A Noetherian group (also sometimes called slender groups) is a group for which every subgroup is finitely generated. (Equivalently, it satisfies the ascending chain condition on subgroups).
A finitely presented group is a group with a presentation that has finitely many generators and finitely many relations.
Flipping through some search results and references, I get the impression that there should be examples of Noetherian groups that are not finitely presented (because I can locate references to "finitely presented Noetherian group", a name that shouldn't exist if being Noetherian implies being finitely presented). However, I'm not able to get an explicit reference or example. I would be grateful if somebody could point out a reference or example.

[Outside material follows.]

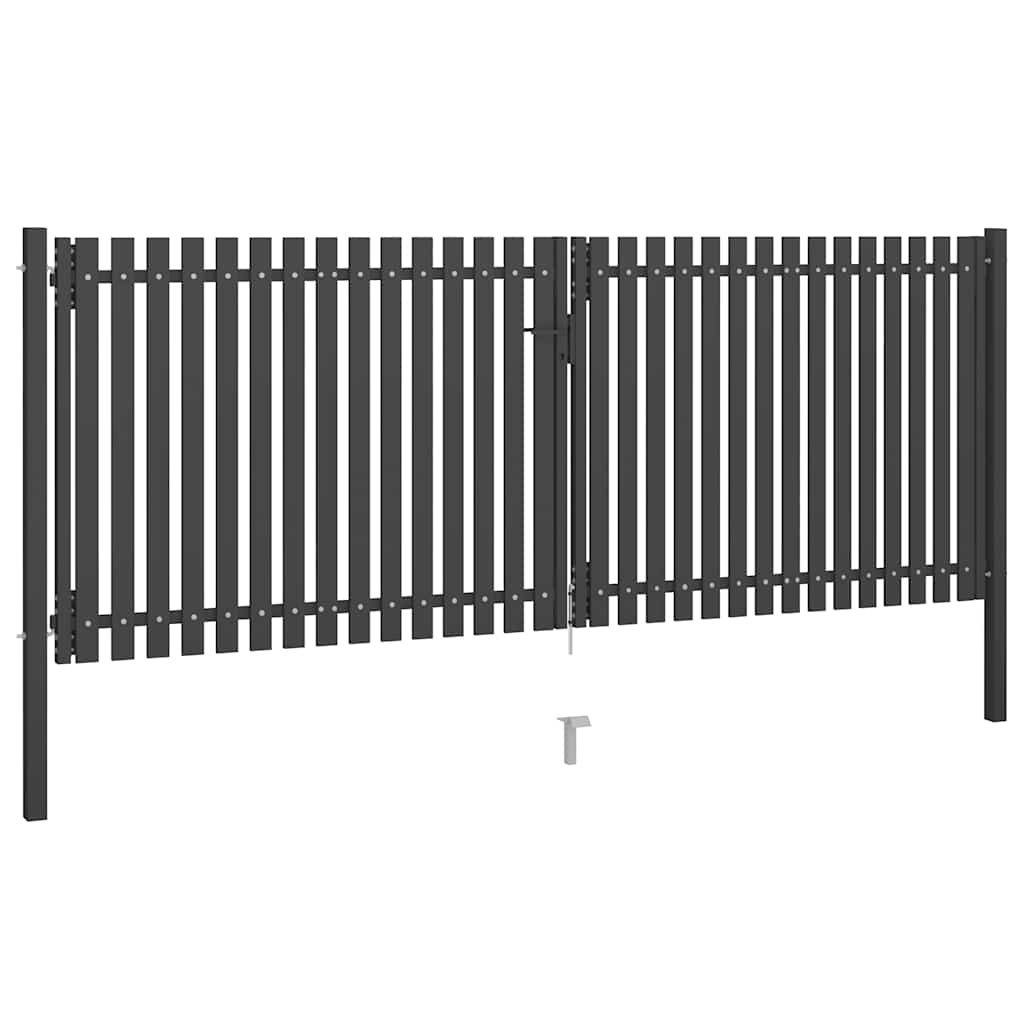 Vrtna vrata za ogradu od čelika 400x125 cm antracit boje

For a solvable group, being Noetherian is equivalent to being polycyclic (i.e., having a subnormal series where all the successive quotients are cyclic groups), and polycyclic groups are finitely presented. Hence, any counterexample must be a non-solvable group.

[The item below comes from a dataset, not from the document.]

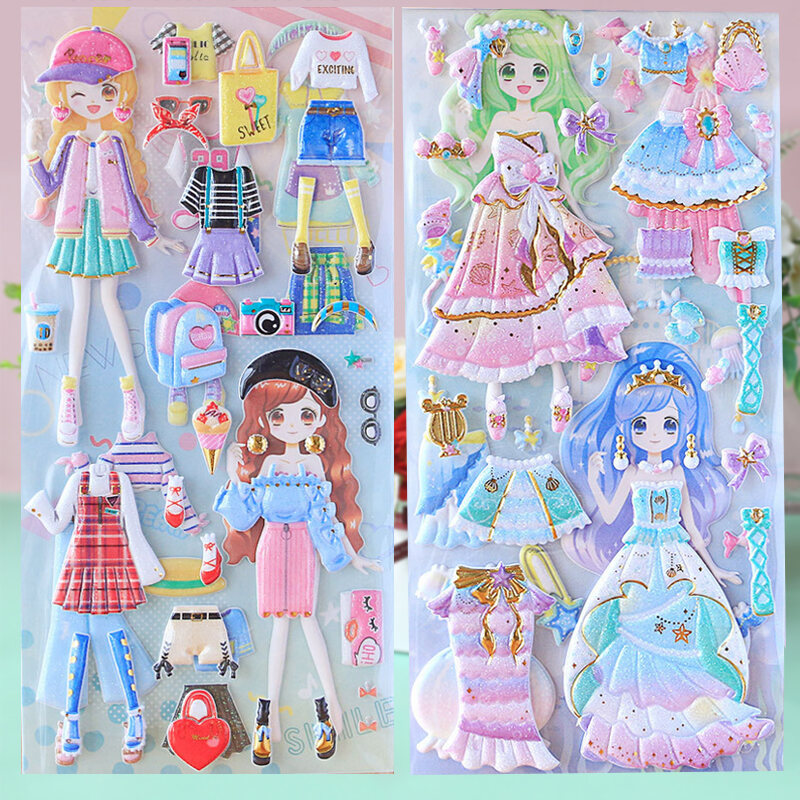 Dress up 2025 doll sticker book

[Note: My standard example of a finitely generated group that is not finitely presented is a wreath product of the group of integers with itself. But this is far from Noetherian.]
Best Answer
Edit (YCor): Tarski monsters, as defined in the link (infinite groups of prime exponent $p$ in which every nontrivial proper is cyclic) exist for large $p$ and all currently known constructions of Tarski monsters are known to yield groups that are not finitely presented. However, it is unknown whether there exists a finitely presented Tarski monster.